• **Your goal**
A faithful copy of the data below is required, leaving out every picture.

[Items from a data source]
◇ ◇ ◇

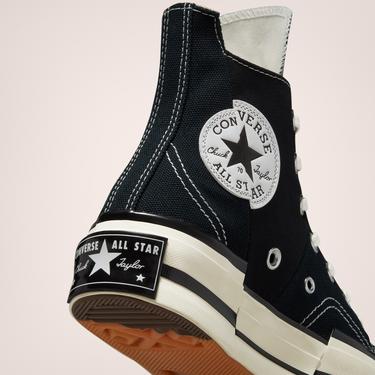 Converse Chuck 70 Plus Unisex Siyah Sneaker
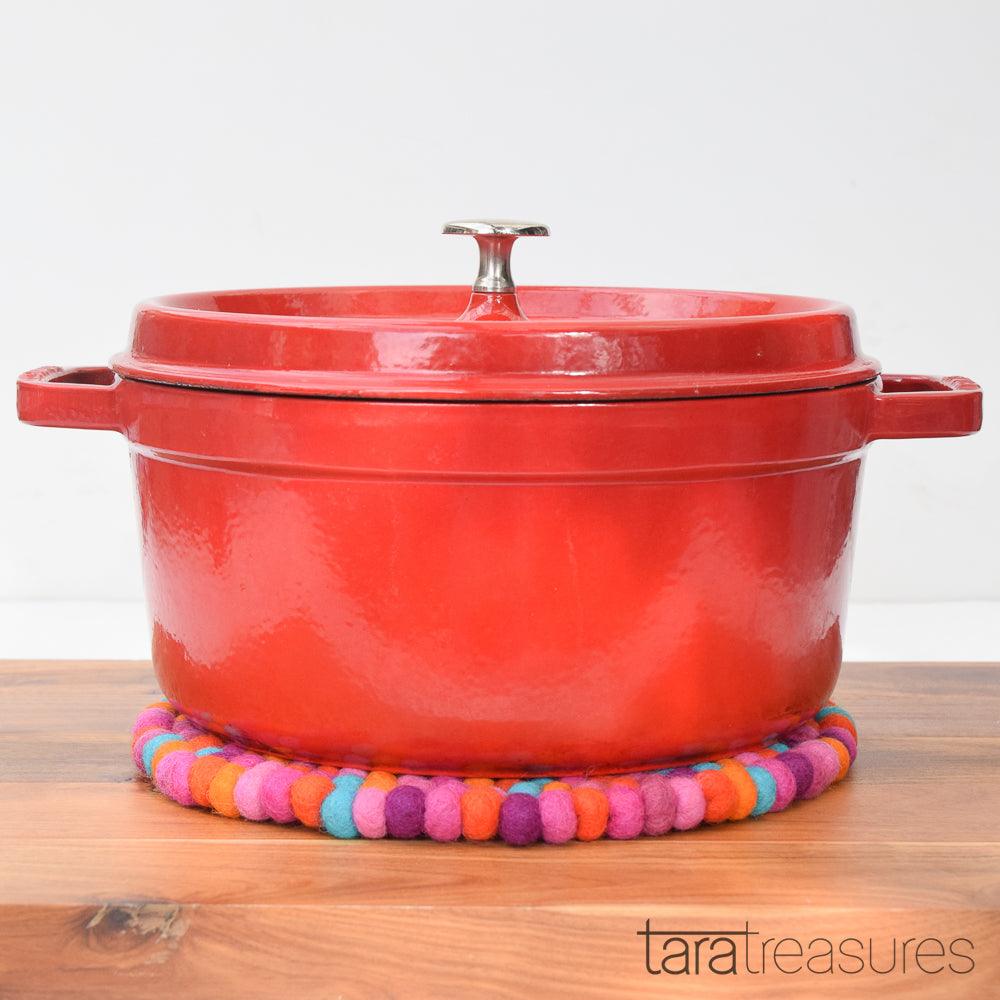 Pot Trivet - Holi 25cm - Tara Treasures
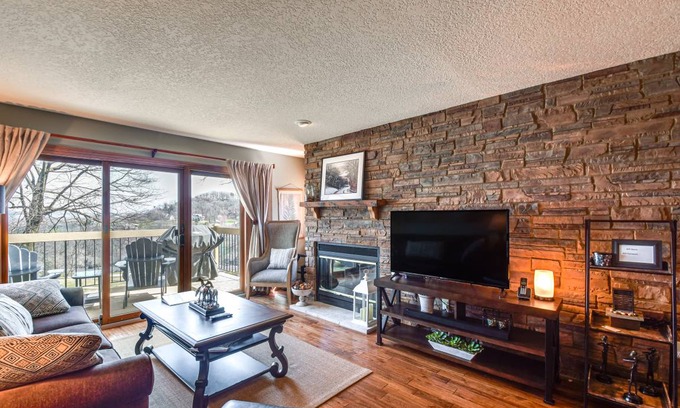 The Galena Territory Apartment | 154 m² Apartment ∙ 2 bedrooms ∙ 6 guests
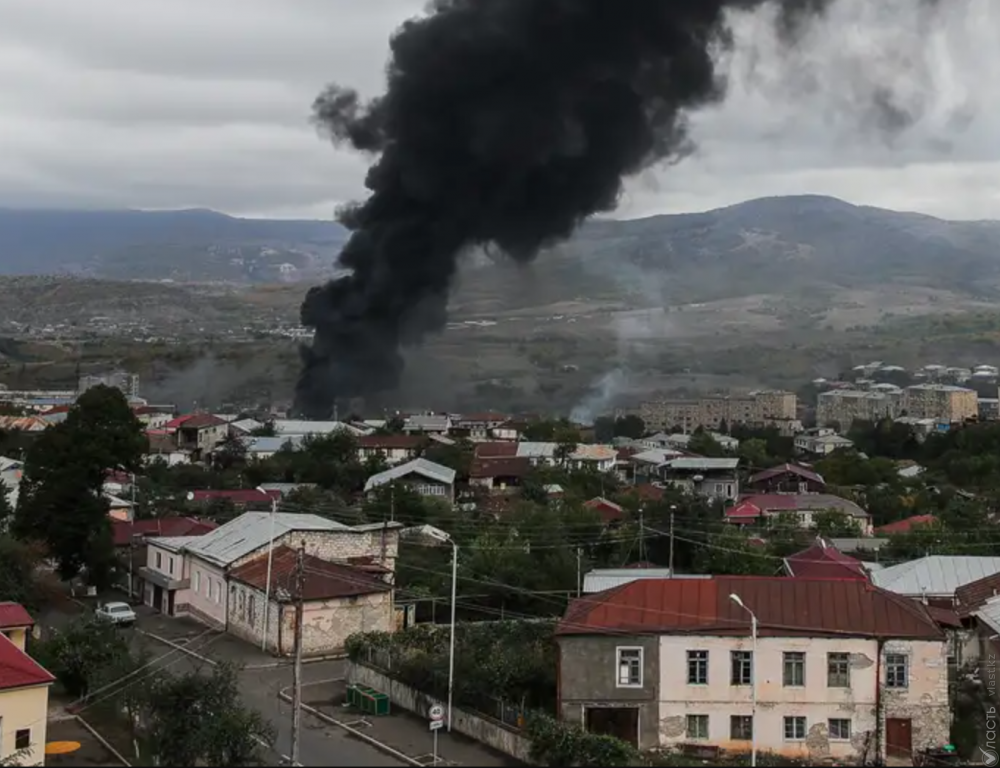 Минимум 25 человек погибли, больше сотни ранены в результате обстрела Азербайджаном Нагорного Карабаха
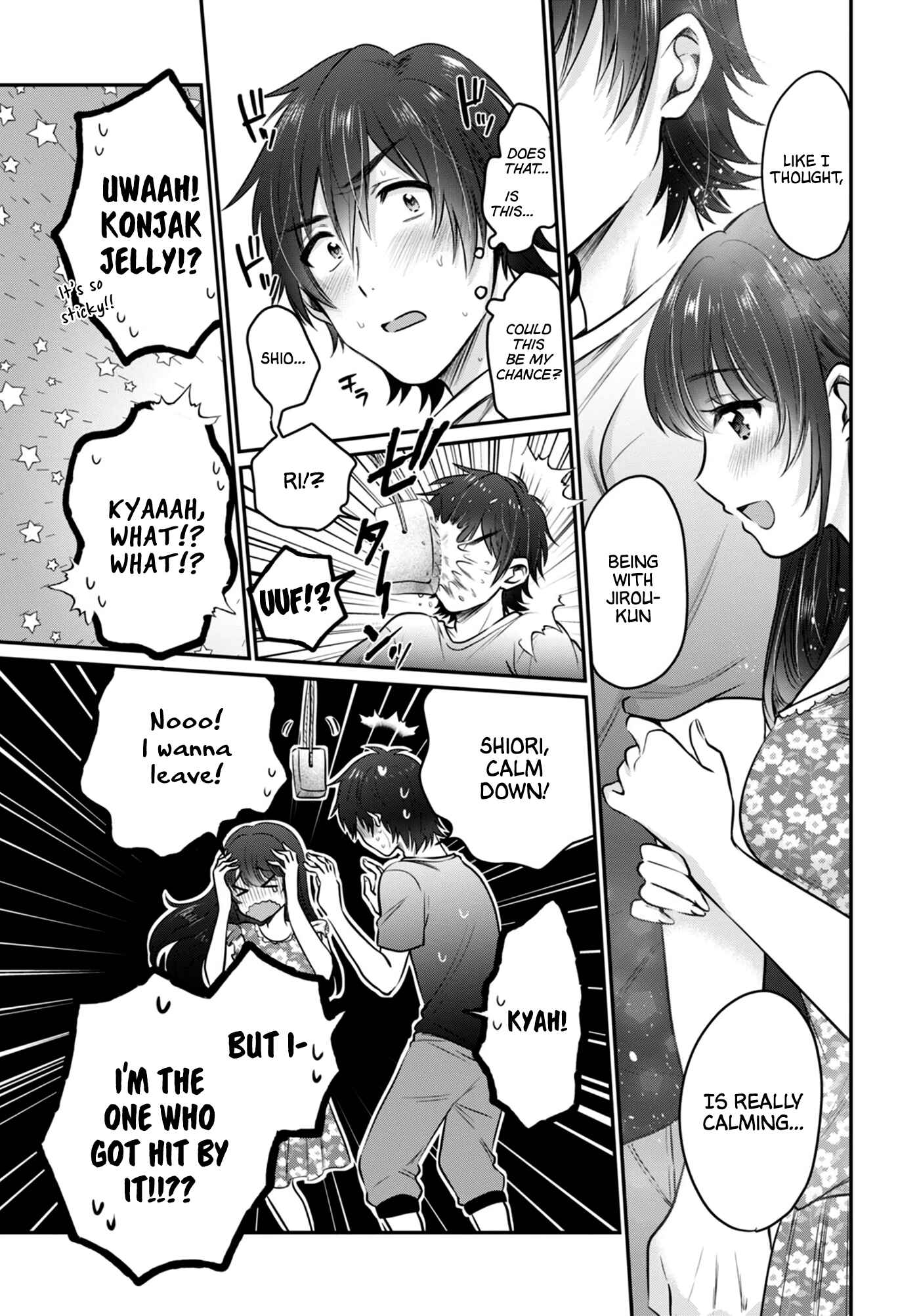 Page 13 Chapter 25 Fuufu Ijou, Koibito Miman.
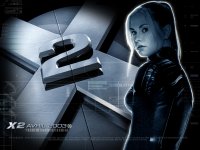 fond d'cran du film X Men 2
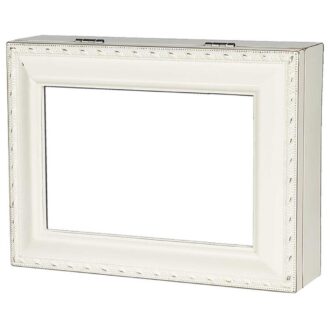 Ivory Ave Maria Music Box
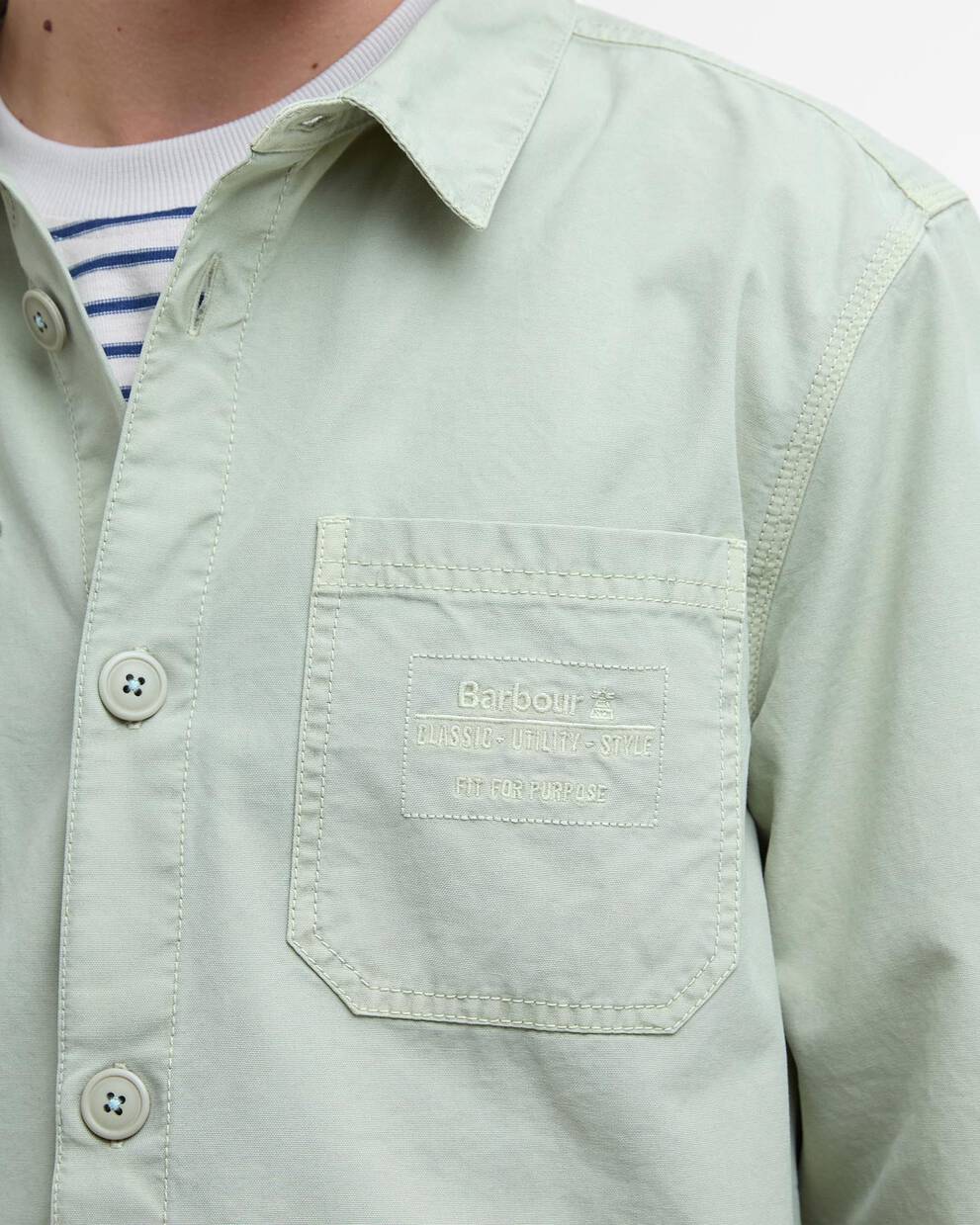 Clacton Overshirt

◇ ◇ ◇

• **Exercise solution**
 Converse Chuck 70 Plus Unisex Siyah Sneaker
 Pot Trivet - Holi 25cm - Tara Treasures
 The Galena Territory Apartment | 154 m² Apartment ∙ 2 bedrooms ∙ 6 guests
 Минимум 25 человек погибли, больше сотни ранены в результате обстрела Азербайджаном Нагорного Карабаха
 Page 13 Chapter 25 Fuufu Ijou, Koibito Miman.
 fond d'cran du film X Men 2
 Ivory Ave Maria Music Box
 Clacton Overshirt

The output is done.